The folder button allows the user to select where the audio will be stored. Folders A-D hold the mic recorded sources, the L folder is for line input sources. The M folder holds MP3 files transferred from computer. Transferred PCM recordings from a computer to the POCKETRAK 2G are automatically converted to MP3.

Since the The POCKETRAK is a drive, all the folders and contents show up on a computer and can be easily transferred.

In Use

I had waited with anticipation to try out the POCKETRAK 2G. Could Yamaha make such a small recorder and still maintain good sonic quality? My first test was to record some high-quality CD tracks line level through the combo line/external mic 1/8th-inch jack at 44.1 kHz PCM. I would then transfer the tracks to the to Mac for playback through a high-end Benchmark converter. I wanted to hear how good an A/D could Yamaha squeeze into this package.

However, I ran into a bit of a stumbling block when I tried to record analog line input at 44.1 kHz. Guess what? The POCKETRAK will not record 44.1 kHz PCM when you select the line input option. It only records the audio in MP3. It was designed that way, a Yamaha product spokesman later confirmed.
Product PointsPlus

  • Extremely Compact
  • Good 16-bit converters
  • Good stereo mic
  • Low power requirement

Minus

  • No PCM line recording
  • Flimsy USB connector cover

Score
Small size, good fidelity and ease of use make recording a snap with the PocketTrak.
Not to be defeated, I selected the external mic input setting with the CD player’s output connected to the POCKETRAK’s external 1/8th-inch stereo jack input, and it worked as long as the signal was not too hot.

The analog input recording of Willie Nelson’s “Red Headed Stranger,” reamastered on CD a few years ago, sounded quite good through the Benchmark DAC. Using Grado SR-325 headphones plugged into the POCKETRAK 2G, the CD recordings sounded very good as well, clean well defined and smooth transients for 16-bit.

Next, I used the built-in mics on my Martin 00-28 finger-style guitar. The recordings sounded nice through the internal DAC, but even better through the Benchmark DAC-1.

The microphone does an admirable job capturing width in the image with a smooth midrange and tight bass. It expectedly lacked the presence of decent external condenser mics, and also when compared to the built-ins on a few of the other inexpensive handhelds, but it is a pretty darn good recording package for $299.

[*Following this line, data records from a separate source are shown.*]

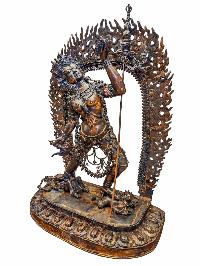 [vajrayogini], Buddhist Handmade Statue, [chocolate Oxidized], And Antique Finishing With Additional Carving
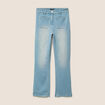 Jean droit taille haute 7/8&egrave;me denim double stone femme
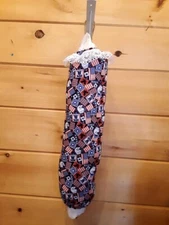 Bag Stuffer Plastic Grocery Bag Holder -Patriotic Postage Stamps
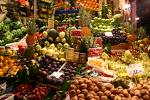 health - various types of fruits in the market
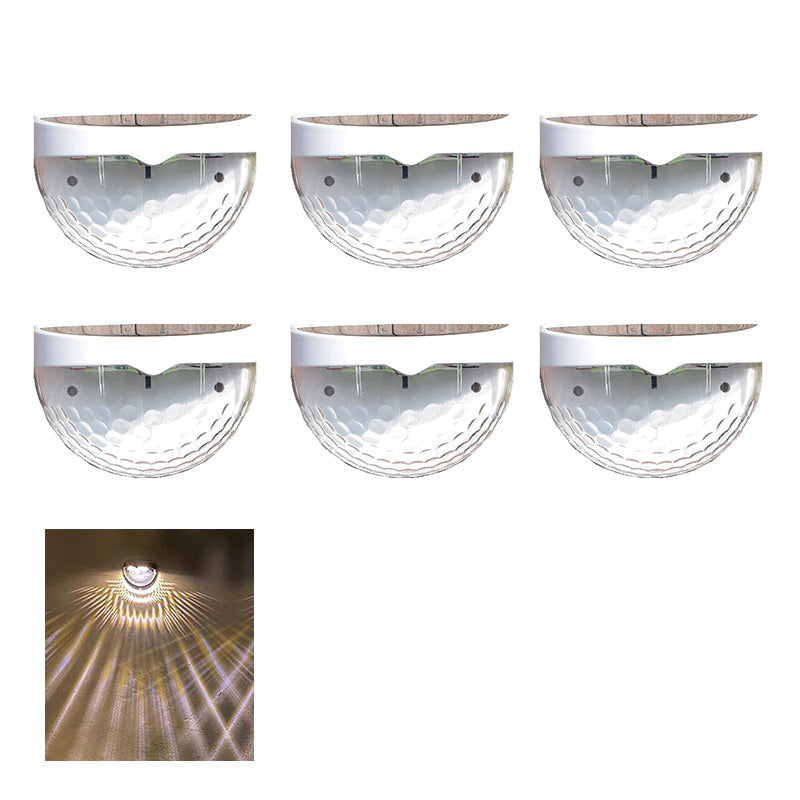 Decorative and waterproof solar fence lights for outdoor use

I tried several other guitars including a Gibson L5 hollow-body and Telecaster through a Fender Princeton Reverb amp. All the cuts held up nicely on compilation CD I burned in order to audition across a variety of playback systems.

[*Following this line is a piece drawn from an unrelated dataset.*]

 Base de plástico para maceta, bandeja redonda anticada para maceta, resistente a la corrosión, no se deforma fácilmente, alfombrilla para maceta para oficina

In terms of ergonomics,, the Yamaha PocketTrack is the perfect-sized recorder for musicians who want to record their rehearsals, impromptu gigs, song ideas and the like. While most competing recorders are fairly compact, this ultra-small recorder is just right for carrying in your pocket – ready for action at a moment’s notice.

Other than the line-input limitation, I had no other problems with the POCKETRAK 2G; it connected to the computer just like any other USB Flash drive, never glitched or locked up, and the included Cubase software was fine for typical editing functions.

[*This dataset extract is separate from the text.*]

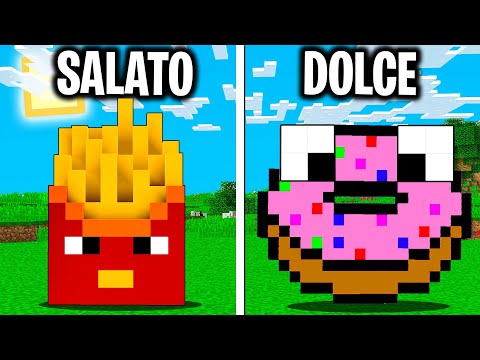 COSA SCEGLI TRA CASA DOLCE vs SALATA? - Minecraft ITA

For $399 list, I do think the POCKETRAK should have a 24-bit recording mode for those who want to record high res. For such a small size, the plastic-construction and button integrity felt generally robust, though the snap-on, plastic dust cover for the USB port seems flimsy.

Summary

All in all, the POCKETRAK 2G shows that a quality audio recorder/player can be stuffed into an ultra-small package. For quick, point-and-push recording, the ultra-compact POCKETRAK sets a new standard.